〇 再エネ導入支援策はこれまで州政府が主導してきたが、2050年ネットゼロの目標に向け、連邦政府の動きが活発化。カナダ政府は2021年6月、再エネ導入促進・送電網近代化のため、9.6億カナダドル(約816億円)を投資することを発表。
〇 州レベルでは、再エネ利用基準(RPS)制度をニューブランズウィック州とノバスコシア州で実施、FIT制度をオンタリオ州とノバスコシア州で実施。
③ 水素・アンモニア政策
〇 ・ 2020年12月、国家水素戦略を発表し、国内で年間2,000万tを超えるクリーン水素を製造し、水素製造国として世界のトップスリーに入ることを目指すとしている。
〇 2021年6月、国内で新車販売される乗用車と小型トラックを2035年までに100%ゼロエミッション車(ZEV)とすると発表(2040年からの前倒し)。2020年現在、カナダ全体のGHG排出量に占める運輸部門の割合は34%。
① ウクライナ侵攻の影響
〇 ウクライナ侵攻後、ロシアからの新規輸入を禁止した後、原油価格は急上昇し、2022年6月にはガソリンの1リットルあたりの平均価格が最高値(2.072カナダドル/ℓ)を記録しており、市民生活への影響が出ている。

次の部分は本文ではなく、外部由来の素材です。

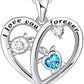 Health and Longevity Mom and Baby Sea Turtle Pendant Necklace for Women 925 Sterling Silver Love Heart Jewelry Gifts for Women Girls Mother Wife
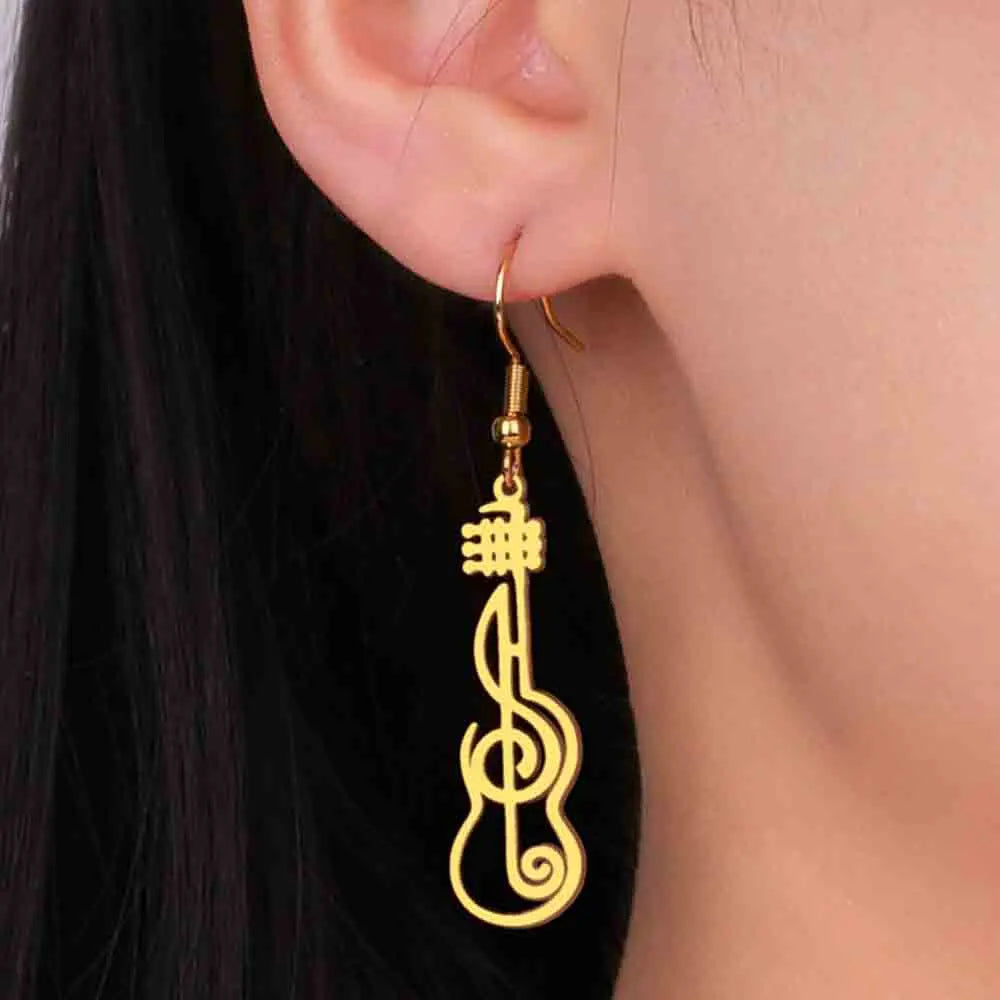 My Shape Music Note Drop Earrings for Women Men Gifts Stainless Steel Classic Musical Violin Dangle Earring Jewelry Musican Gift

〇 カナダの天然ガス価格は2022年6月に2.086カナダドル/ℓを記録。カナダ西部ではアルバータ州では、AECO 天然ガスのスポット価格が 2.75 カナダドル/ℓに上昇。
② エネルギー価格高騰への対応
〇 東部オンタリオ州規制局は2022年7月、卸ガス価格の上昇を受けて、Enbridge Gas Distributionのガス小売料金値上げを承認。同社は、天然ガス上昇コストを通常の 12カ月ではなく、24カ月の期間での転嫁する対応策を提案。需要家の年間支払い額は 21~29% 上昇見込み。